Using a computer program, Charles summarised the translation of Suede Molte to mean "success".

"[The program] gave some lines like, 'You will run circles around your competition', so I just say it means success."

Her daughter, Jemima Charles, artist and owner of the art studio, also had a dream but one based on a reality shown to her.

"At age seven, I knew what I wanted to be...an artist," smiled Jemima Charles. "From that time till now, I've been working on it. I went to UWI (University of the West Indies) where I completed a degree in Visual Arts, and I am now teaching at the secondary school level. My students have been asking me if I could teach them outside school. A lot of people in the community ask if I can teach their children. I decided to find a place where I could practise my art, teach the public and have events and conversations concerning art."

She added: "At primary school, I did a drawing and my art teacher said, 'Oh my gosh, that is excellent! You should be an ar-tist.' She gave me that confidence and opened a whole new world for me."

Jemima said her parents also encouraged her and fostered an environment for her talent to grow.

"We were a young family. My mom and dad used their hands a lot to get by. She would crochet and sell. She would sew shoulder pads, we would package them and then she would go out and sell."

She said her confidence to sell her works also came in primary school where she would sell drawings of flowers for 25 cents.

"Children would hound me down every day for this drawing of a flower. Seeing my parents working with their hands and making a profit from it...it was just second nature for me to do the same and open my own studio."

The younger Charles says she conducts art classes at the St Joseph venue where students can learn drawing, sculpture, soap-making, crochet, macramé and other "old-school" genres of art. Children's workshops are held on the first and third Saturdays of every month.

Jemima says she displays the works, so she can bring art to the people and offers the workshops, so people have an opportunity to try their hand at art.

"If you want to see art, come into my studio.
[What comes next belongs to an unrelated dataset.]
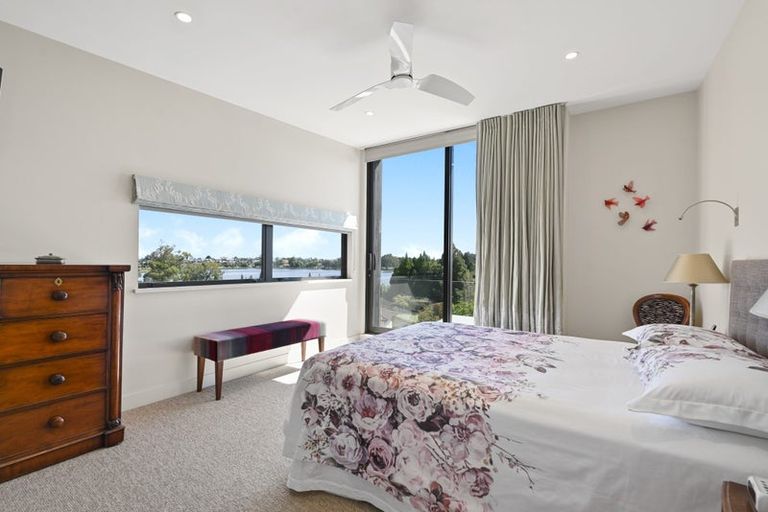 Photo of property in 142 Lake Crescent, Hamilton Lake, Hamilton, 3204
If you want to do art, come into my studio. It is a full experience."

Jemima said being an artist has been challenging, but she has learned to make it work for her. She said after leaving secondary school, she had no idea what her next step would be. She said there are business and technology institutions, so school-leavers who are interested in those fields know where to go, but with art, there was a hunt to find direction. Now, she hopes to help those who want to follow an artistic path when they have left school.

"I have to create my opportunities. This is why I am starting here. I realise that I can profit from art." In 2008, she went to Japan using money raised from the sale of her works.

Launched on May 21, the space is actually a cocoa house, complete with "rolling roof", which has been converted into a studio. She hopes to eventually have a larger studio and, possibly, her own school for the arts.

Jemima believes connectivity inspires her to create.

"I try to connect to different things in life: my experiences as a female, an artist, a young person growing up in society. Right now, I am focusing on the Caribbean form and the head. I look to local faces for inspiration. Masked faces are actually interesting to me right now."

Rachael Charles said as a mother, she understood what her daughter wanted to do with her life at that tender age.

"She made it clear. In secondary school at a parent-teacher meeting, the art teacher said something that put my mind to rest. She said art was everything, from the watch you are wearing to the buildings we lived in. I knew my daughter could do this. I knew she would make it. I couldn't at that time say how, but I was there to support her in whatever way we could. She couldn't work and go to university at the same time, so her father and I took care of her. When she could work, she did; we supported her and, now, it is paying off."